PROVIDED MATERIAL:
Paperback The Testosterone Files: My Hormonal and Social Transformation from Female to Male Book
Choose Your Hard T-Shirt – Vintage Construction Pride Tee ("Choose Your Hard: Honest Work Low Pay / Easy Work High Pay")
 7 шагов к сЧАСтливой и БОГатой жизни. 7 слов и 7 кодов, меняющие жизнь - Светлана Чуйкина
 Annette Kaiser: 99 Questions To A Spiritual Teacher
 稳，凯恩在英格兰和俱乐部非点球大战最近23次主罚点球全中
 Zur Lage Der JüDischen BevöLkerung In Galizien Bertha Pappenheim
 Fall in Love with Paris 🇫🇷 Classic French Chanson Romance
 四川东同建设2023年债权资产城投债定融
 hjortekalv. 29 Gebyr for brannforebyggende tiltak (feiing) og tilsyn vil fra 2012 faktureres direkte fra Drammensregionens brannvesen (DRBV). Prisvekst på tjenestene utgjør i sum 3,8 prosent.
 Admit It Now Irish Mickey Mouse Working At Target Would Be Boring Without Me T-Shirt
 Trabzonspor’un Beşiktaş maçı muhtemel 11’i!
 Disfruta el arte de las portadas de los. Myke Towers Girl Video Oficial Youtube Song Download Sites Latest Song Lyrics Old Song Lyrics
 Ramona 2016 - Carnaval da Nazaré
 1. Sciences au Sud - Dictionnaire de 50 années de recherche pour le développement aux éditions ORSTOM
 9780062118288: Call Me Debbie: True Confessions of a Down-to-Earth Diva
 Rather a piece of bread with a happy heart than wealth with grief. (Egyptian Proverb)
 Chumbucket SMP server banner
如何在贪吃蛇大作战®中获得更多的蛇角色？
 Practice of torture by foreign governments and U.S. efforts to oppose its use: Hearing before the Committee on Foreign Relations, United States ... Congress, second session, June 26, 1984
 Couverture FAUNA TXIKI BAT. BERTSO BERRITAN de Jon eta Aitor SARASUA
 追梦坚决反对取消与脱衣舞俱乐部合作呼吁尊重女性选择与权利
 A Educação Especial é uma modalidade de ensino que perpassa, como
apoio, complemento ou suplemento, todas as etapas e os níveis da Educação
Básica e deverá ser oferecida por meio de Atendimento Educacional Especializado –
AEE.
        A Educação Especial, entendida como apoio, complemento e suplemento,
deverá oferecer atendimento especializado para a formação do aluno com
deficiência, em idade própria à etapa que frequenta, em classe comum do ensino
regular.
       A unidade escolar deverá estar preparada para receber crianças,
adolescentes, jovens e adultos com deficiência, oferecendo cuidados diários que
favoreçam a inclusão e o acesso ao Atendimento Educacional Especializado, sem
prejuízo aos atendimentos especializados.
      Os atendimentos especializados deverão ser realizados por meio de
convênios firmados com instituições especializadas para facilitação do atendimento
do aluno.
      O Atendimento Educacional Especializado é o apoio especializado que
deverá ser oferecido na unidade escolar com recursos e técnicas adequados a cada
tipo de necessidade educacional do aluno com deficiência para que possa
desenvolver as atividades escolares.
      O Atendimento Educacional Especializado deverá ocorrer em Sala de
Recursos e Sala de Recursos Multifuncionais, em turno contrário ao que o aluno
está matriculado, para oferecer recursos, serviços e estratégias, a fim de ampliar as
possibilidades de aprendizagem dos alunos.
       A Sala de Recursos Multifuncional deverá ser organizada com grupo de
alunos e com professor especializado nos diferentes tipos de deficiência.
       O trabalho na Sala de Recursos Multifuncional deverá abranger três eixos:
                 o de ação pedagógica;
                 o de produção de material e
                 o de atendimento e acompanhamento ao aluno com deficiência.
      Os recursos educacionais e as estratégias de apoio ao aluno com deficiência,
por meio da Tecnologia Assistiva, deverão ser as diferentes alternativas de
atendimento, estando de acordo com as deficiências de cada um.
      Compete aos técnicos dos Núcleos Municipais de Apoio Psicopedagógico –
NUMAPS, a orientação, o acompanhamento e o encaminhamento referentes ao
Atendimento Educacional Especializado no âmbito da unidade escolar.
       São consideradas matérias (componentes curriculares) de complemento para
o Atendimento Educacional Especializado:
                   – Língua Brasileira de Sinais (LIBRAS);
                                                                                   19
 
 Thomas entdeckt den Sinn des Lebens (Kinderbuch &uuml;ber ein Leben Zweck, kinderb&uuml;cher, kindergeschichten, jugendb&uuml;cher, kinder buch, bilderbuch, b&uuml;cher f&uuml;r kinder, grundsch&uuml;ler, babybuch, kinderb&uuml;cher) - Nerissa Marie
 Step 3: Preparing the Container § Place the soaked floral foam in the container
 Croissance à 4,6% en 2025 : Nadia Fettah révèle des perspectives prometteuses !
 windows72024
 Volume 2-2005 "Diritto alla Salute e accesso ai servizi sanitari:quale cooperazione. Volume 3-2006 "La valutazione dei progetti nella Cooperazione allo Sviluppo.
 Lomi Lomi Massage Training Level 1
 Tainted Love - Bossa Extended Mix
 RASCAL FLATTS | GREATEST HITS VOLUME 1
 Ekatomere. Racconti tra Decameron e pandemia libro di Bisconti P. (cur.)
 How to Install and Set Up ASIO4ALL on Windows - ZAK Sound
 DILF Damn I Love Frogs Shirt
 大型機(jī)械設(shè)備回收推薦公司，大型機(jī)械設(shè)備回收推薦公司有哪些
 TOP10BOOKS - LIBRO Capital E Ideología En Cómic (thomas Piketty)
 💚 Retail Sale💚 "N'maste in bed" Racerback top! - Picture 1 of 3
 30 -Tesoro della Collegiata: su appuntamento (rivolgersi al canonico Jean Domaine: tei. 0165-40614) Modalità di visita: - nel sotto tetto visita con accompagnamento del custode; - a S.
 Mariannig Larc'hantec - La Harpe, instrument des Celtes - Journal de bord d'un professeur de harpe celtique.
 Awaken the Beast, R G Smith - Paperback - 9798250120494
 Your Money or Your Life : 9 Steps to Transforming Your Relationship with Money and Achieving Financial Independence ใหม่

TO DO: An exact copy of the lines above, from the one containing "São consideradas matérias" through the one containing "Mariannig Larc'hantec - La", is the whole of the answer.

THE COMPLETED TASK:
       São consideradas matérias (componentes curriculares) de complemento para
o Atendimento Educacional Especializado:
                   – Língua Brasileira de Sinais (LIBRAS);
                                                                                   19
 
 Thomas entdeckt den Sinn des Lebens (Kinderbuch &uuml;ber ein Leben Zweck, kinderb&uuml;cher, kindergeschichten, jugendb&uuml;cher, kinder buch, bilderbuch, b&uuml;cher f&uuml;r kinder, grundsch&uuml;ler, babybuch, kinderb&uuml;cher) - Nerissa Marie
 Step 3: Preparing the Container § Place the soaked floral foam in the container
 Croissance à 4,6% en 2025 : Nadia Fettah révèle des perspectives prometteuses !
 windows72024
 Volume 2-2005 "Diritto alla Salute e accesso ai servizi sanitari:quale cooperazione. Volume 3-2006 "La valutazione dei progetti nella Cooperazione allo Sviluppo.
 Lomi Lomi Massage Training Level 1
 Tainted Love - Bossa Extended Mix
 RASCAL FLATTS | GREATEST HITS VOLUME 1
 Ekatomere. Racconti tra Decameron e pandemia libro di Bisconti P. (cur.)
 How to Install and Set Up ASIO4ALL on Windows - ZAK Sound
 DILF Damn I Love Frogs Shirt
 大型機(jī)械設(shè)備回收推薦公司，大型機(jī)械設(shè)備回收推薦公司有哪些
 TOP10BOOKS - LIBRO Capital E Ideología En Cómic (thomas Piketty)
 💚 Retail Sale💚 "N'maste in bed" Racerback top! - Picture 1 of 3
 30 -Tesoro della Collegiata: su appuntamento (rivolgersi al canonico Jean Domaine: tei. 0165-40614) Modalità di visita: - nel sotto tetto visita con accompagnamento del custode; - a S.
 Mariannig Larc'hantec - La Harpe, instrument des Celtes - Journal de bord d'un professeur de harpe celtique.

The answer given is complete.